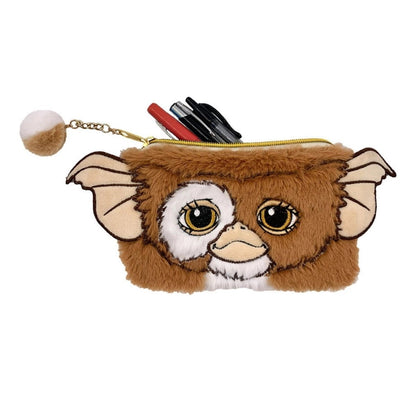 Gremlins Gizmo plush wristlet purse or pencil case sitting on white background with pens sticking out. 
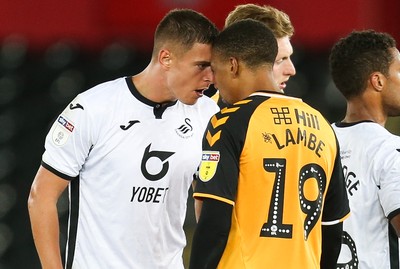 280819 - Swansea City v Cambridge United, Carabao Cup, Round 2 - Kristoffer Peterson of Swansea City and Reggie Lambe of Cambridge United come face to face after a challenge from Lambe in the second half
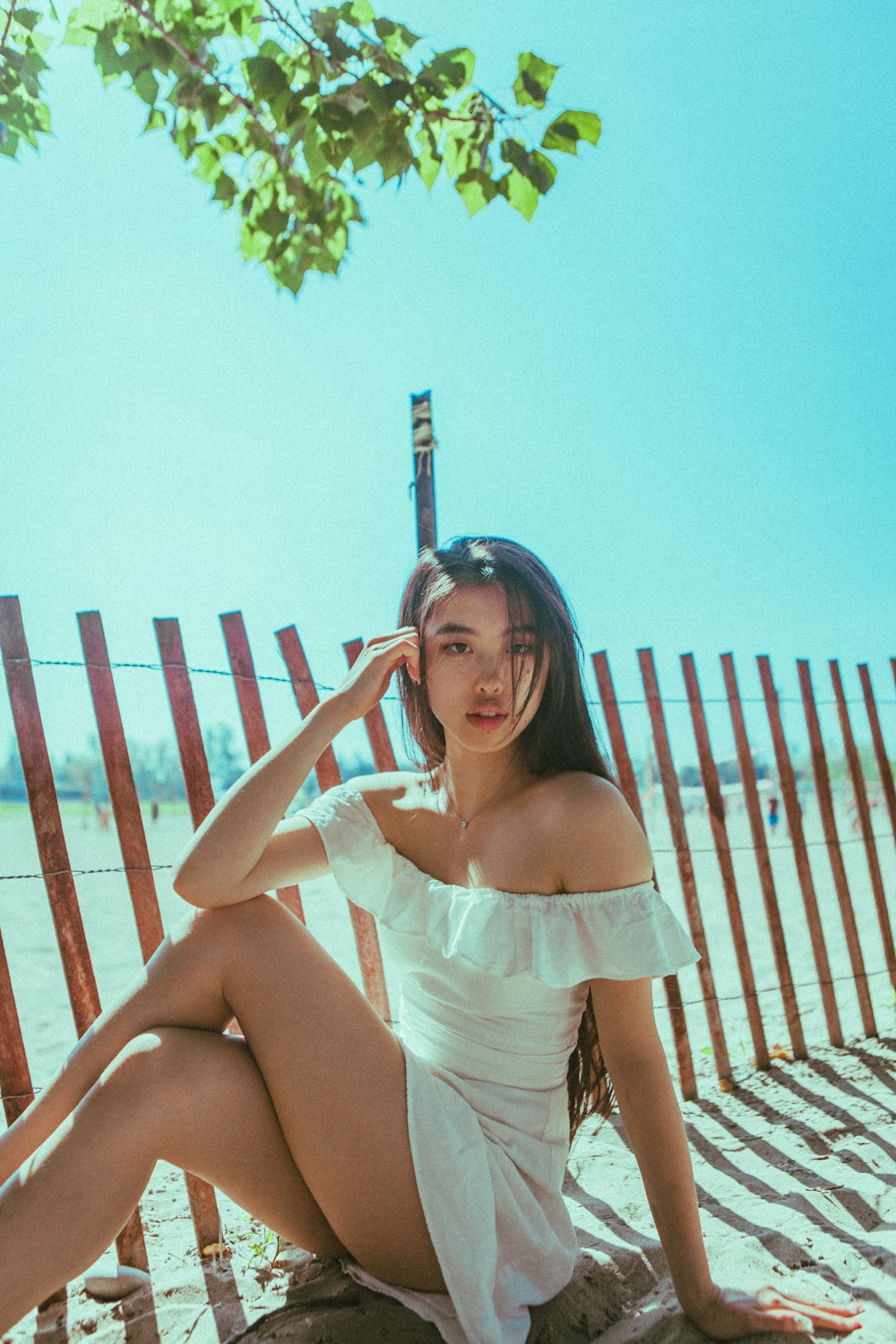 woman in white dress sitting on brown wooden bench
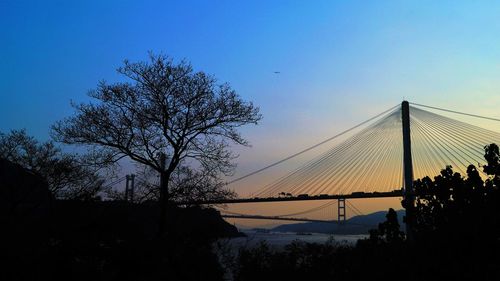 Silhouette of suspension bridge against sky during sunset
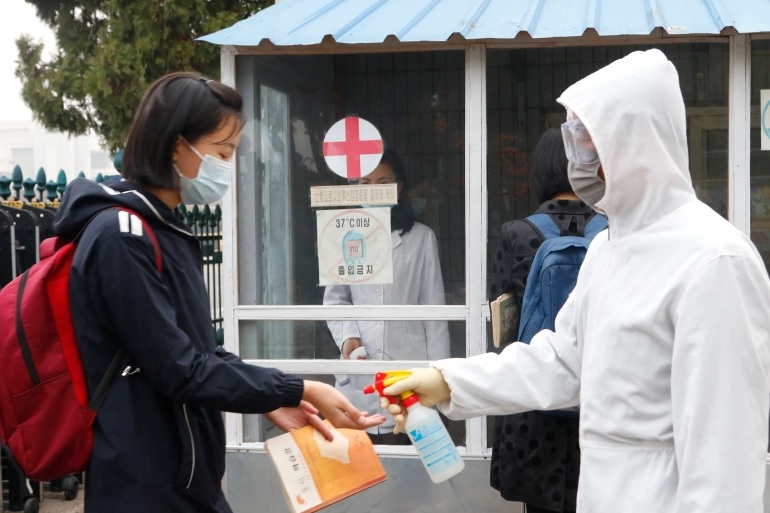 Seorang siswi bertopeng wajah didesinfeksi tangannya oleh seorang pekerja dengan setelan hazmat di pintu masuk sekolah menengah Pyongyang. Foto: Cha Song Ho/AP Photo.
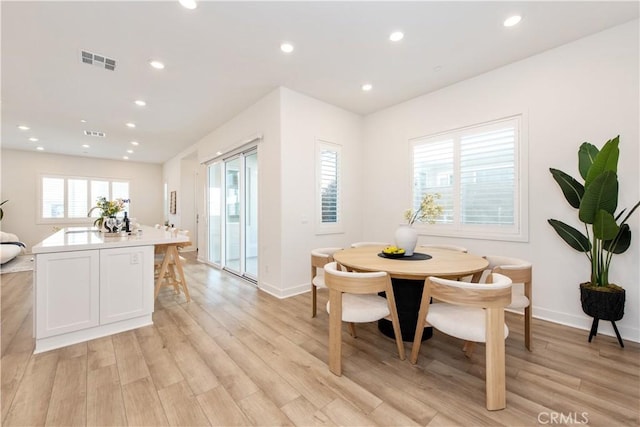 dining area with recessed lighting, light wood finished floors, and visible vents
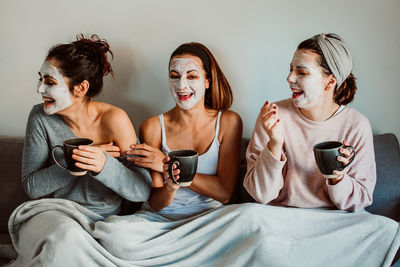 Cheerful female friends with facial masks holding mugs while sitting against wall at home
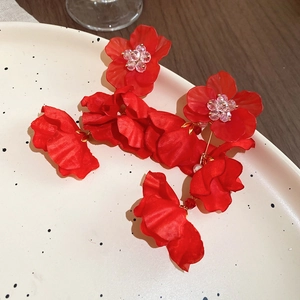 Detail of red fabric flower earrings with beaded center on a cream ceramic plate
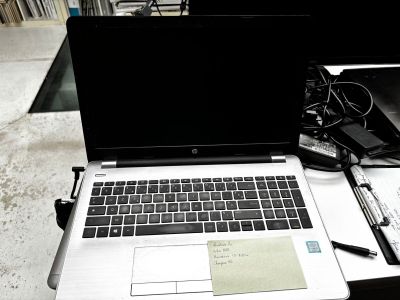 un ordinateur portable posé sur un bureau, à côté d'un stylo et d'une feuille de papier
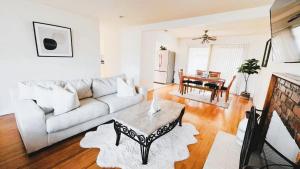 a living room with a couch and a table at Saikwan Valley Family Home in Milpitas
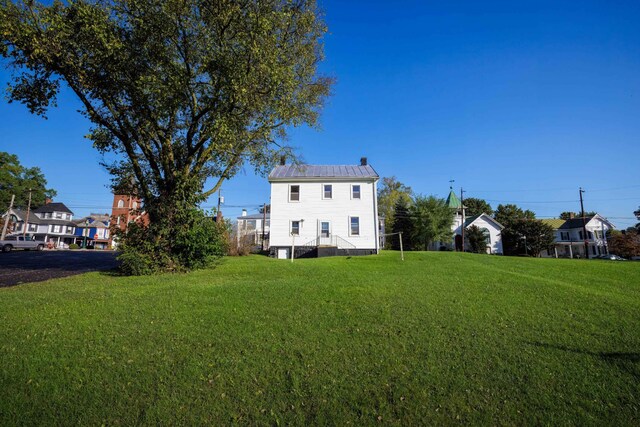 rear view of house with a lawn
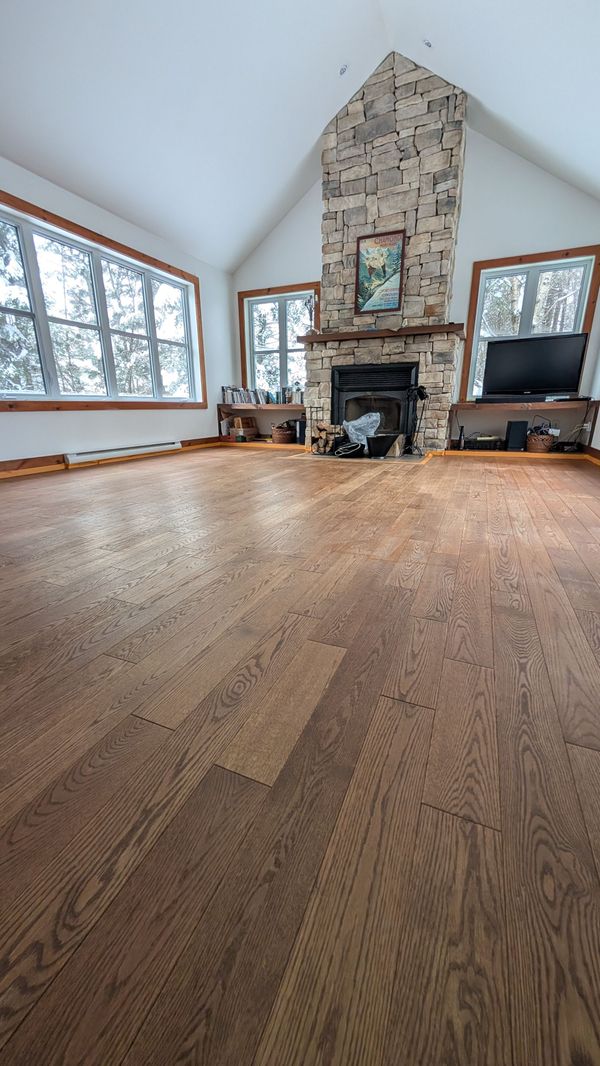 Salon spacieux avec parquet, cheminée en pierre et grandes fenêtres donnant sur la neige à l'extérieur.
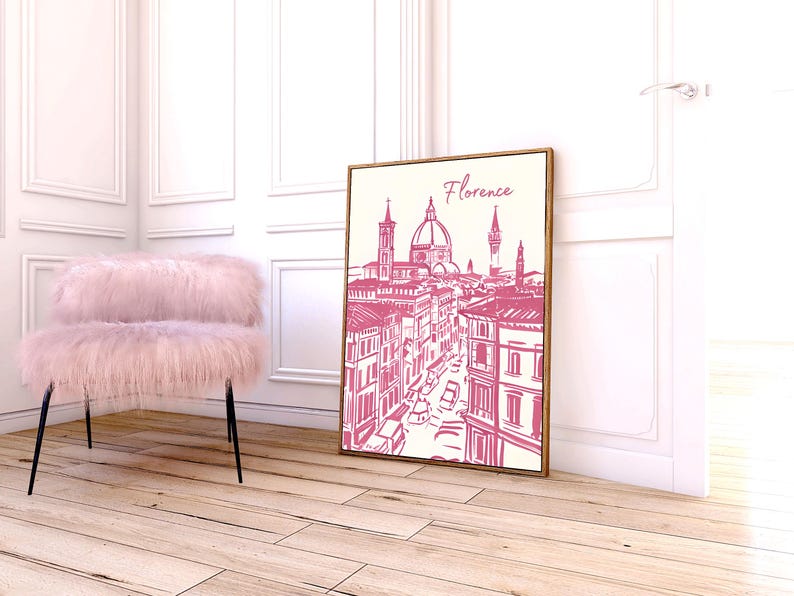 Puede incluir: Una impresi&oacute;n enmarcada de Florencia, Italia, en un estilo de boceto rosa y blanco. La obra de arte presenta la arquitectura de la ciudad, incluido el Duomo. Una silla rosa y esponjosa con patas negras est&aacute; cerca. La impresi&oacute;n est&aacute; apoyada contra una pared blanca.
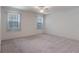 Bedroom featuring plush carpeting, white walls, ceiling fan, and two windows for ample natural light at 1131 Country Oaks Blvd, Lake Wales, FL 33898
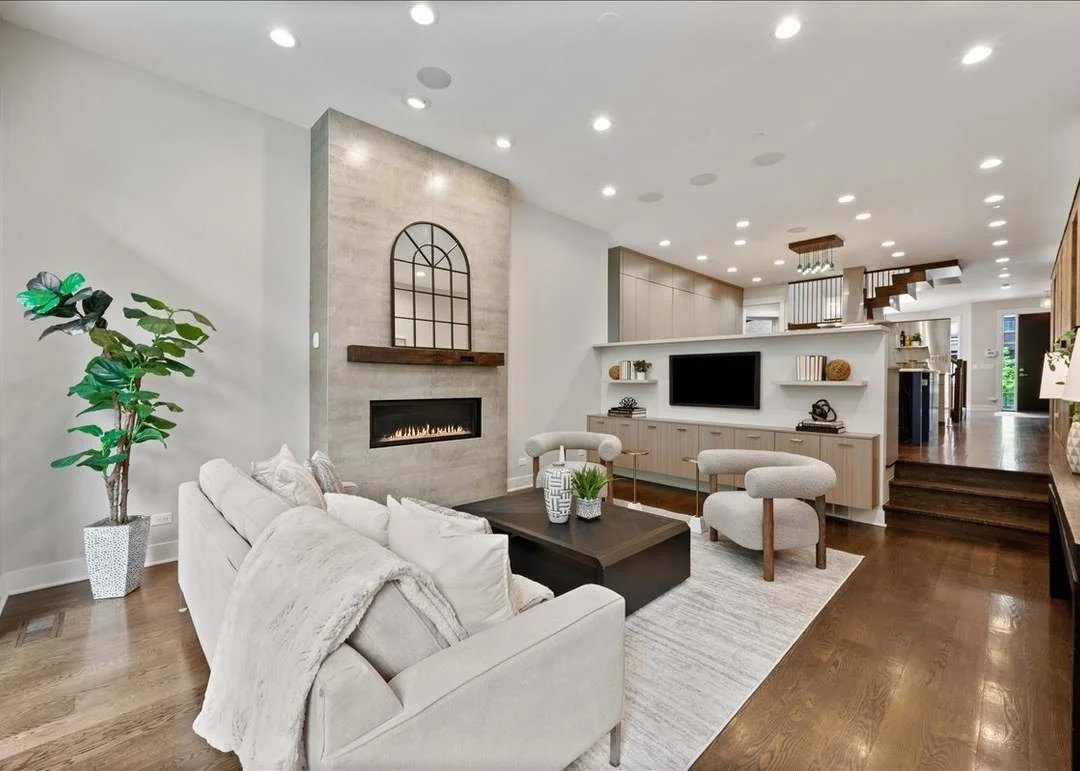 Modern living room with white sofa, potted plant, fireplace, TV, and wooden accents.
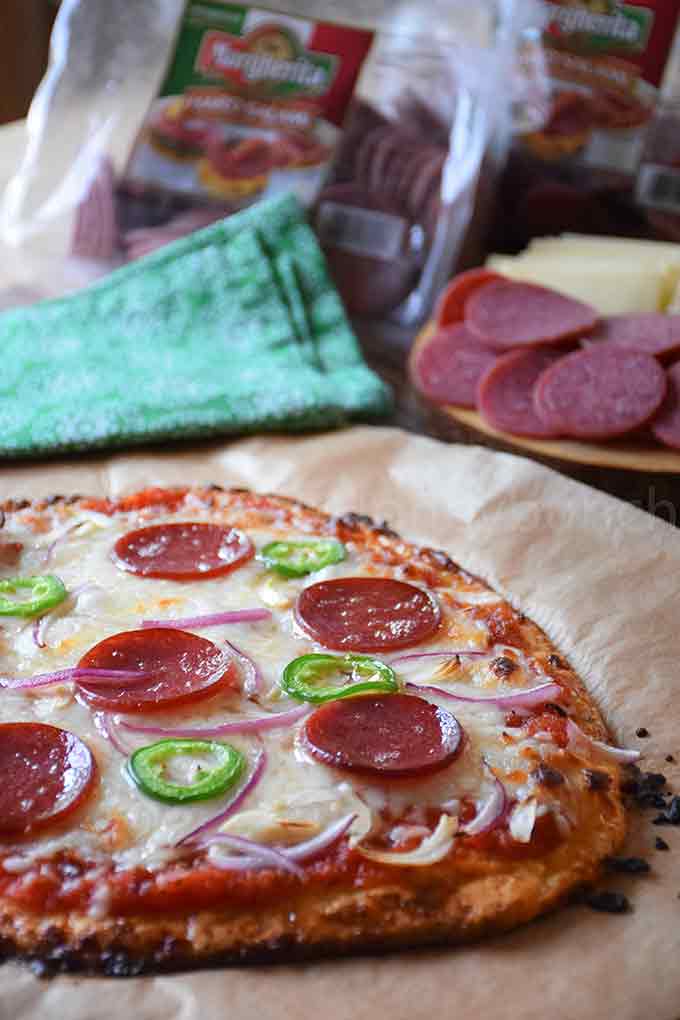 A baked Keto Salami Pizza on a cutting board.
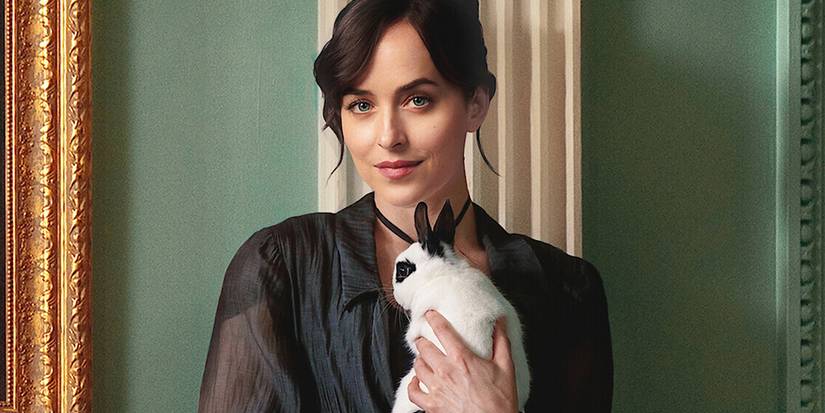 Anne Elliot (Dakota Johnson) holding a rabbit in Persuasion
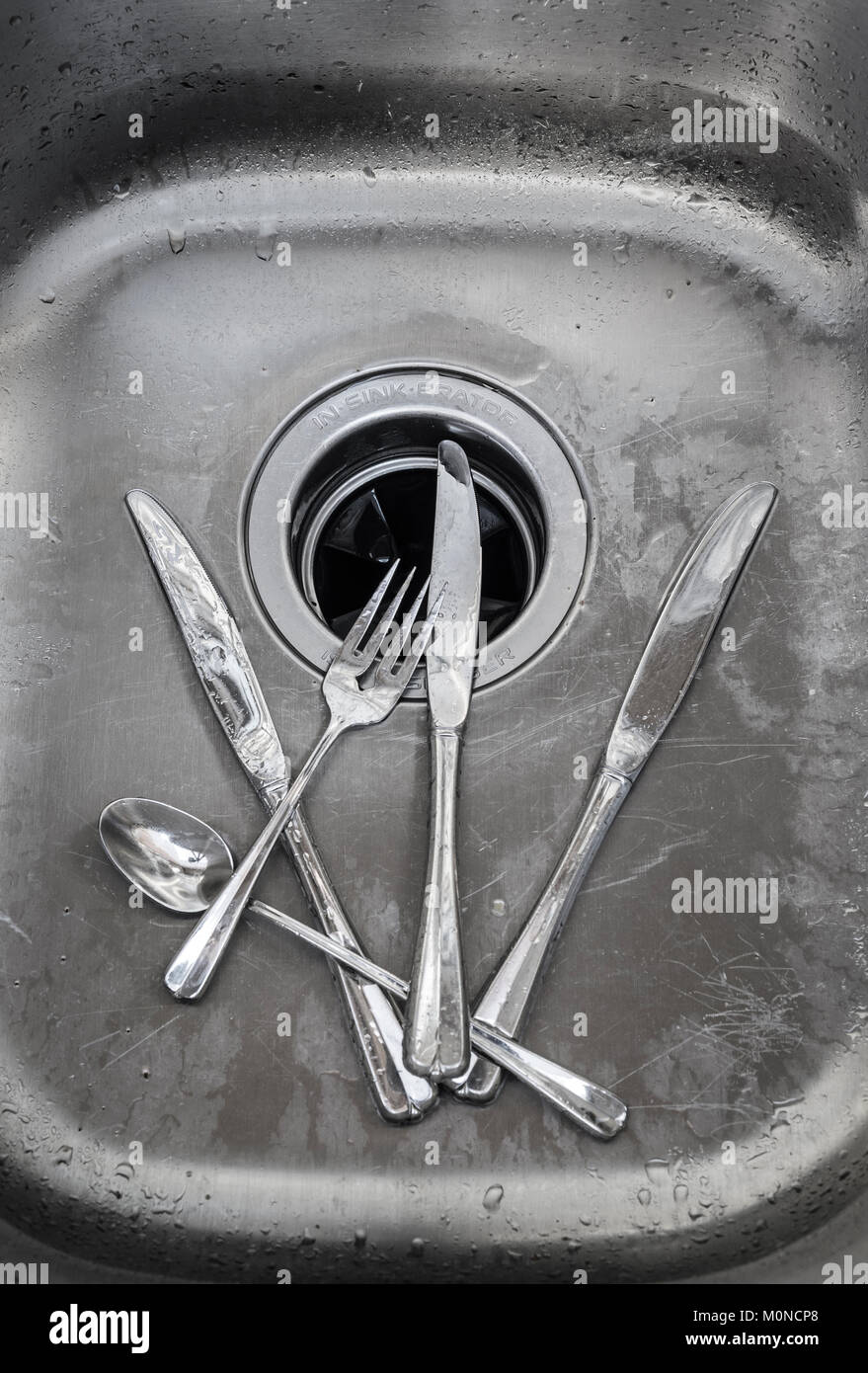 Silverware Knives Fork & Spoon In Sink Stock Photo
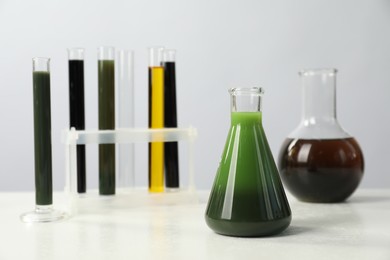 Laboratory glassware with different types of oil on white table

• • • • •

ABOUT THIS EXERCISE
Repeat, word for word, the lines of the material above from the one holding "woman in white" through the one holding "dining area with". Leave out pictures.

REPLY
 woman in white dress sitting on brown wooden bench
 Silhouette of suspension bridge against sky during sunset
 Seorang siswi bertopeng wajah didesinfeksi tangannya oleh seorang pekerja dengan setelan hazmat di pintu masuk sekolah menengah Pyongyang. Foto: Cha Song Ho/AP Photo.
 dining area with recessed lighting, light wood finished floors, and visible vents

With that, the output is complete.